A new database for the machine era

Today we live with machines. Computers are nearly ubiquitous, embedded in our vehicles, our manufacturing lines, our farms, our power plants, our homes, even in our bodies. As a result, businesses are swimming in machine data. And if we want these machines to truly make our lives more productive, more convenient, and more enjoyable, then we need a way to properly make sense of all that machine data.

We realized that this problem needed a new kind of database, and so we built TimescaleDB: the first open-source time-series database designed for scalability and complex analysis.

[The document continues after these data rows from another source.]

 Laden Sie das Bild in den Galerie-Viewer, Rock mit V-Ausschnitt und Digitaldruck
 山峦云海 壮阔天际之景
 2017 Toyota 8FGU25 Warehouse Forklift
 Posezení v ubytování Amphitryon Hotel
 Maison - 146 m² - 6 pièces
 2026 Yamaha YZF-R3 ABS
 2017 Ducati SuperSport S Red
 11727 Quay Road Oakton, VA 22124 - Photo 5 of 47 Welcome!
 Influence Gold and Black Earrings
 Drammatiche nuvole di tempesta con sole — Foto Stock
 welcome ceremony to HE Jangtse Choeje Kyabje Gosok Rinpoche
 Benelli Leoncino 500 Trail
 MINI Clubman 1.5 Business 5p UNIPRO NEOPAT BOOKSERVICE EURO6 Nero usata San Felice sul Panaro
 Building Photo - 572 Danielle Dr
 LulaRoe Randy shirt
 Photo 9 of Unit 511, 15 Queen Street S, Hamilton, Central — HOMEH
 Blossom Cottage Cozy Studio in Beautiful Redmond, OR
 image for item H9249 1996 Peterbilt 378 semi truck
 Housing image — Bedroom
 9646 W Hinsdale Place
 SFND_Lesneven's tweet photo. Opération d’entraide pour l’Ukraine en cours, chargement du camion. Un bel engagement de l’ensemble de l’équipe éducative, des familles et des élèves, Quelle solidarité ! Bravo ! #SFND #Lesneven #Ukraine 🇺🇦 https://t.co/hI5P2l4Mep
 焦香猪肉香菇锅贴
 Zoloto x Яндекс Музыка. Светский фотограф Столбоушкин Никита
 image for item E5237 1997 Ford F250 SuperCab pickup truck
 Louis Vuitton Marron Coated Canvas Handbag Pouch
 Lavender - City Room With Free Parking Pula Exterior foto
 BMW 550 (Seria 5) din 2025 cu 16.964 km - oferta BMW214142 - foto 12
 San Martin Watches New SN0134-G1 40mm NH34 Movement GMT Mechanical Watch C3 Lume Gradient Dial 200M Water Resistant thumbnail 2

TimescaleDB solves this problem with a unique approach. First, it employs automatic space-time partitioning to seamlessly scale for time-series workloads. But at the same time, TimescaleDB is packaged as a Postgres extension, enabling it to inherit the reliability, tooling, and vast ecosystem of Postgres. (It does this while sustaining 20x higher inserts than Postgres, with more benchmarking comparisons here.)

Thanks to this native Postgres integration, at its launch last April, TimescaleDB already enjoyed the largest ecosystem of any time-series database. A few months later, businesses were already successfully deploying TimescaleDB into production.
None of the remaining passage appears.